Gösterilen olay düpedüz film gibi. Bir hacker ilk olarak HP Laser Jet
2055 modeli ağ yazıcısını ele geçiriyor. PDF belgesi olarak gizlenmiş
zararlı kodu şirketin bir çalışanına e-posta ile yolluyor. Zararlıyı,
her gün gelen kutularında virüs bulan kullanıcılara da gönderebilirdi.
Bu PDF, iş başvurusu yapan birinin masum özgeçmişinden daha fazlası.
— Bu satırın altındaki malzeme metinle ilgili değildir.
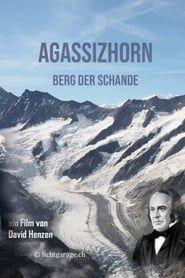 Affiche de Agassizhorn: Mountain of Shame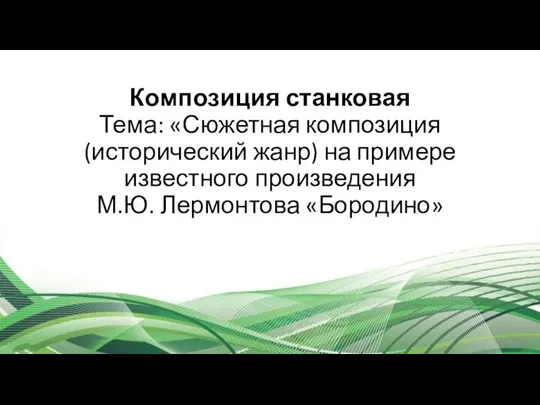 Композиция станковая Тема: «Сюжетная композиция (исторический жанр) на примере известного произведения М.Ю. Лермонтова «Бородино»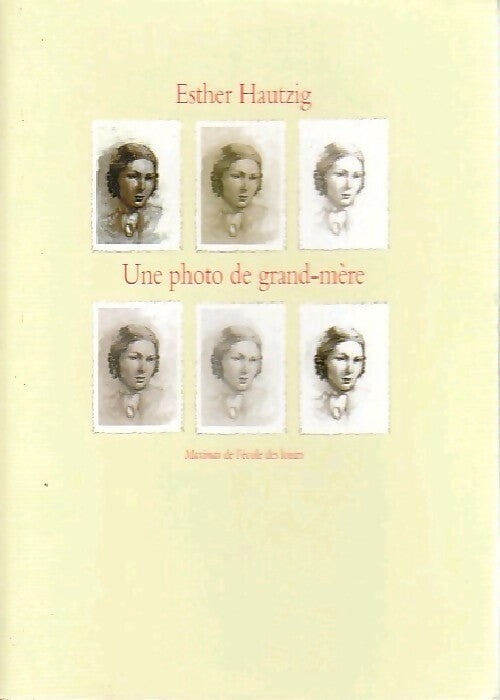 Livrenpoche : Une photo de grand-mère - Esther Hautzig - Livre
Doğrudan yazıcıyı hedef alıyor ve yazıcı komutları yerine getirirse
makinenin işletim sistemini ele geçiriyor. Bu tür saldırılar bir iki
yıldır biliniyor. Ang Cui’ye göre çok az kullanıcı ya da şirket
yazılımlarının bellenimlerini güncelliyor. Dolayısıyla da, üreticiler
sürekli güncellemeyi tavsiye etse de piyasada hacker’ların saldırılarına
karşı korumasız sayamayacağımız kadar aygıt var.
7) Yazıcılar
Zararlı kod etkinleşince bir kontrol sunucusuna şifreli bir tünel
açıp oradan gelecek emirleri beklemeye başlıyor. Yazıcının eksiksiz bir
işletim sistemi bulunduğundan, hacker tüm şirket için ağı tarayıp
sonuçları tünelden kendine yolluyor.
Ağda belleniminde açıklar bulunan bir VoIP telefonu varsa saldırgan
bunlara da zararlı kod bulaştırıp uzaktan dizginleri eline alıyor. Tek
bir düğmeyle telefon bir dinleme aygıtına dönüşerek sadece telefon
konuşmalarını değil odadaki tüm konuşmaları kaydetmeye başlıyor. Bu
kayıtlar da yine tünel aracılığıyla saldırgana iletiliyor.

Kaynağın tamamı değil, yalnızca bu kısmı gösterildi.